The chapter concentrates on the use of swarm intelligence in data mining. It focuses on the problem of medical data clustering. Clustering is a constantly growing area of current research. Medicine, market, trade, and meteorology belong to the numerous fields that benefit of its techniques. First an introduction into data mining and cluster validation techniques is presented, followed by a review of ant-inspired concepts and applications. The chapter provides a reasonably deep insight into the most successful ant colony and swarm intelligence concepts, their paradigms and application. The authors present discussion, evaluation and comparison of these techniques. Important applications and results recently achieved are provided. Finally, new and prospective future directions in this area are outlined and discussed.
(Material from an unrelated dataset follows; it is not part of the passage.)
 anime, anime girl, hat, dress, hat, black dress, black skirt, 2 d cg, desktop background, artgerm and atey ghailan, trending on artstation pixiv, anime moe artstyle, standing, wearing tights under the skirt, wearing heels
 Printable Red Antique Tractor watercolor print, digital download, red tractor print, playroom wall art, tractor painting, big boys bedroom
This chapter concentrates on the use of swarm intelligence in data mining. It focuses on the problem of data clustering in biomedical data processing. Clustering is a constantly growing area of current research. Medicine, market, trade, and meteorology are some of the numerous fields that benefit of its techniques.
The objective of this chapter is to introduce the methods for clustering together with the methods for evaluation of different clusterings. It presents the fundamentals of ant inspired methods, followed by a compact review of the basic ant clustering models together with the most successful variations and modifications. In the second part, it presents the application of ant-colony clustering in biomedical data processing.
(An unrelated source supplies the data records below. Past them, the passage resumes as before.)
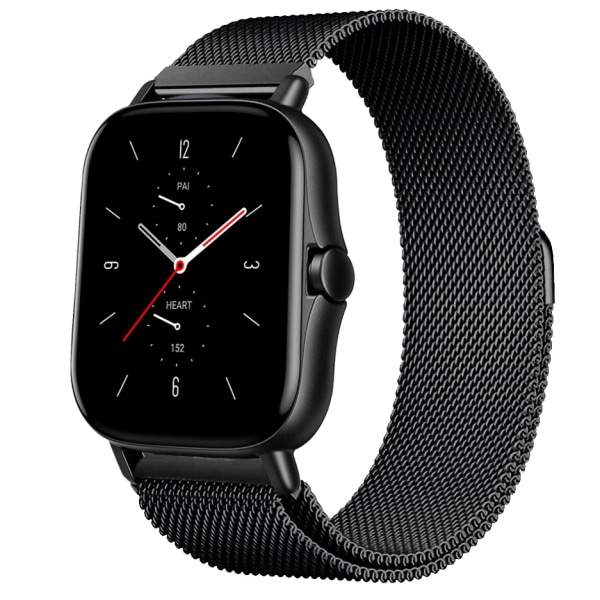 Magnetisk rem för Amazfit GTS/4/2/2e/GTS2 Mini/3/GTR 4/3/2/47mm 20mm 22mm Metal Mesh Smartwatch Armband Amazfit Bip 5-rem Svart 20mm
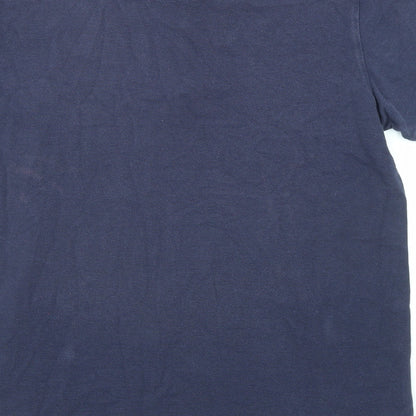 Steel & Jelly Mens Blue Cotton Polo Size M Collared Button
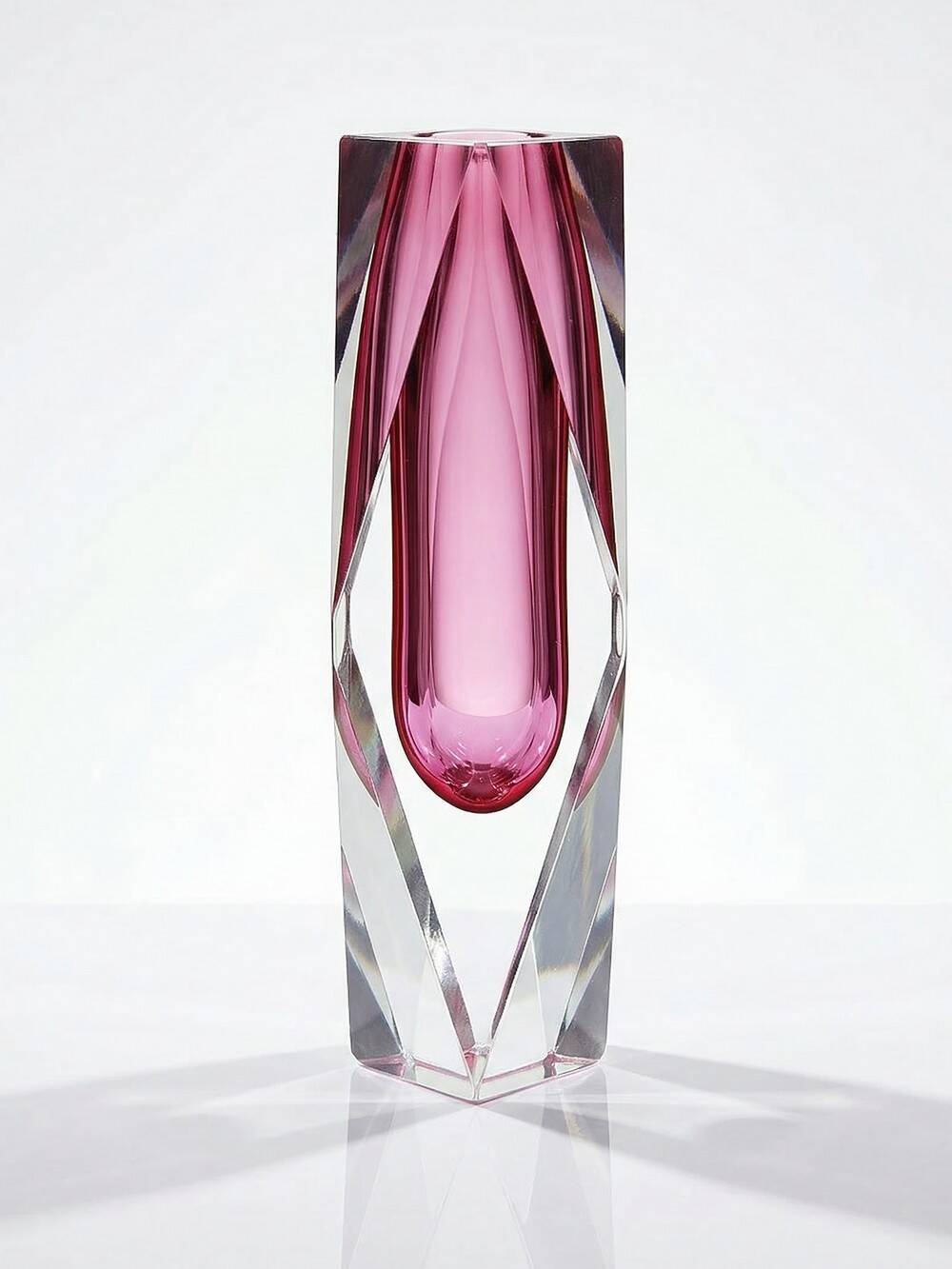 Faceted submerged vase Murano pink glass and crystal from the 1950s-60s.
In the last two decades, many advances in computer sciences have been based on the observation and emulation of processes of the natural world.
The coordination of an ant colony is of local nature, composed mainly of indirect communication through pheromone (also known as stigmergy; the term has been introduced by Grassé et al. (1959)), although direct interaction communication from ant to ant (in the form of antennation) and direct communication have also been observed (Trianni, Labella, & Dorigo, 2004). In studying these paradigms, we have high chance to discover inspiring concepts for many successful metaheuristics. More information on the ant colony metaphors can be found in the section Ant Colony Optimization.
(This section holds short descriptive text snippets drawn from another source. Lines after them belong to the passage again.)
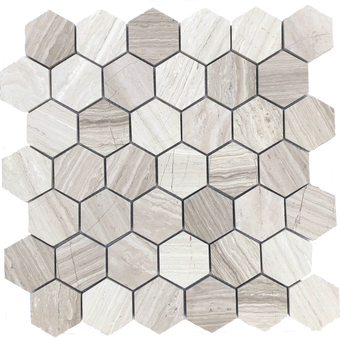 Silverwood Marble Hex - MOSAICS4YOU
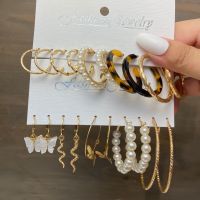 【YP】 Hoop Earrings Set for Round Twisted Heavy Metal Punk Fashion Jewelry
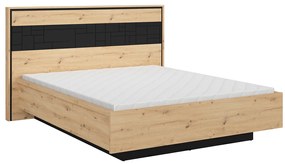Pat matrimonial 160 cm Pont LOZ/160 (cu somiera) (Stejar artisan + Negru mat). 1063045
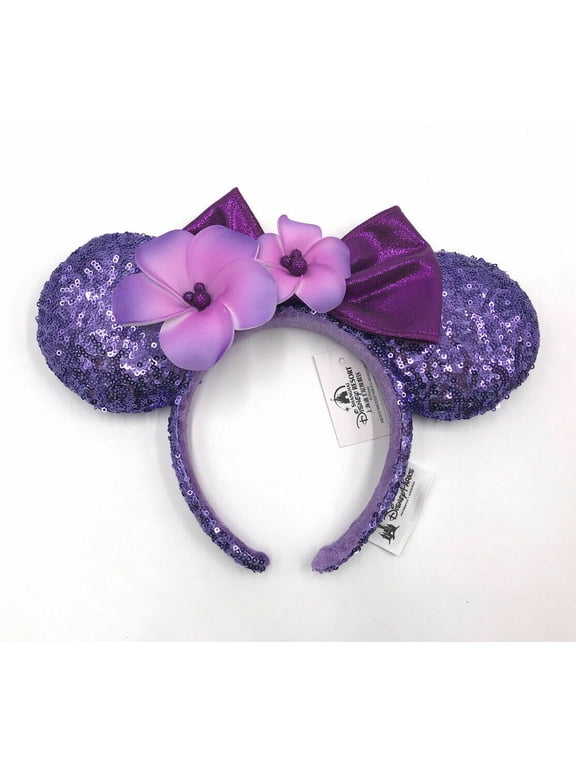 Aulani Hawaii Minnie Ears Purple Flower Plumeria Disney Headband Sequins USsellr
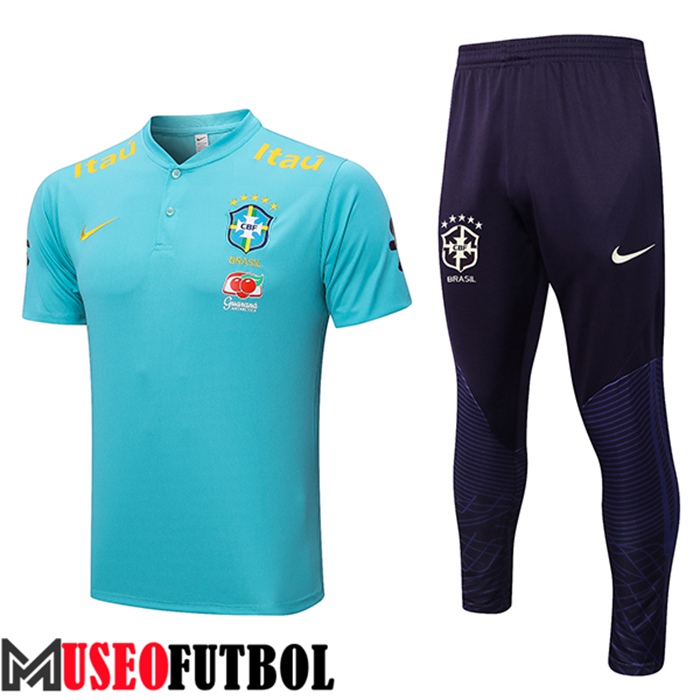 Camiseta Polo Brasil Azul Claro 2022/2023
The author himself specializes on the use of such kind of methods in the area of biomedical data processing. The application is described in the section Applications.
The chapter is organized as follows: First, an introduction to data mining and clustering is presented together with a brief survey on ant colony inspired methods in clustering. Then, a natural background of applied methods is presented. It summarizes the most important properties of ant colonies that served as an inspiration source for many algorithms that are described in the following part. The next section describes the most successful methods in data clustering: first, the pioneering ant-inspired clustering algorithms are described followed by the evolution of further ant-inspired algorithms for clustering. Finally, applications of the algorithms and paradigms published by the author are presented, followed by conclusion and future directions. At the end, relevant literature has been carefully selected to provide the reader with additional resources containing the state-of-the-art information in the area.
Key Terms in this Chapter
Stigmergy: Indirect communication in social insect communities via changing the environment. The term has been introduced by Grasse et al.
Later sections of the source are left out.